Researchers at the California Found of Technology think they may have a solution to this problem — one that involves returning to a very old technology to solve the problems of existing methods. Vacuum tubes, according to Dr. Axel Scherer, could be key to improving transistor performance and lowering ability consumption.

TubeAmp

Chances are, when you lot recollect vacuum tubes, you retrieve of old radios or possibly Aopen's AX4B-533 "TubeAmp" motherboard. The systems that Dr. Scherer and his enquiry team are working on are nada like classic vacuum tubes — according to the squad, the structures are roughly one,000x smaller than a human being blood cell, which would brand them 6-8nm. One problem with modern CPUs is that they endure from pregnant amounts of electricity leakage — Scherer'due south designs would use leakage electric current to flip states on purpose, thereby improving efficiency and overall performance.

Ane reason for this research is that Scherer thinks the microprocessor teams scaling below 10nm will come across problems. The properties of silicon apparently alter at that betoken, becoming both elastic and emitting lite. "It'due south a different material, and it gives you this different behavior," Scherer told the New York Times.

Tin tubes replace transistors?

Dr. Scherer isn't trying to reinvent the transistor or supersede the silicon economy. Boeing is funding his research due to its potential applications in space and aviation technologies, and silicon will obviously be the gold standard for anybody for years to come. It's even so interesting to consider the question: Could such a fundamentally unlike technology, shrunk to a microscopic scale, solve the issues of transistor scaling and functioning?
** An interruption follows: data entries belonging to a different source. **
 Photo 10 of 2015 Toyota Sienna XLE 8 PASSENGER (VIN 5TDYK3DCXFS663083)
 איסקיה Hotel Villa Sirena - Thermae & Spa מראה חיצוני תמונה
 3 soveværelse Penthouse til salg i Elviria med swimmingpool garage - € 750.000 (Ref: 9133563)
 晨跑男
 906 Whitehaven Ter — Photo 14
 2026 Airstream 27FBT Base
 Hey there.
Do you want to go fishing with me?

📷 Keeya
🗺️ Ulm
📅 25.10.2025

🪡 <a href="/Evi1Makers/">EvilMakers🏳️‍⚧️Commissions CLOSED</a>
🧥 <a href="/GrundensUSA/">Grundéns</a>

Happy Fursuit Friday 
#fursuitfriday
Maybe — merely there's a lot of issues to exist solved between here and there. Outset, at that place'southward the question of manufacturing — can we crank out tens of thousands of vacuum-based processors in a month? What does it price to build these solutions, switch out manufacturing hardware, and build an ecosystem around them? Can they built quickly plenty to maintain current production rates, and how will they integrate into existing product lines?
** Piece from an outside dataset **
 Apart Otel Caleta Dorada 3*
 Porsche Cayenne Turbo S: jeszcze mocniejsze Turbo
These might seem like ho-hum questions compared to a engineering'south cardinal promise, but the deadening questions are what ultimately determine whether or not tech comes to marketplace. When we talk about Intel not being able to build faster CPUs, it doesn't mean silicon is the fastest semiconductor ever. It means that Intel can't find a method of edifice faster fries that's cost-effective, scaleable, and likely to last multiple production generations.

Miniature vacuum tubes could evolve into a major commuter of PC operation, particularly if they can be manufactured at calibration, just the price and manufacturing challenges are a huge roadblock to whatever different technology establishing itself equally a silicon competitor. Neither carbon nanotubes nor graphene accept done and so, despite huge initial hype. In that location'south something satisfying in the idea that a century-old engineering could be adapted and improved to the point that information technology boosts modern calculating, simply it's going to take an awful lot of expensive work to prove it tin can do so.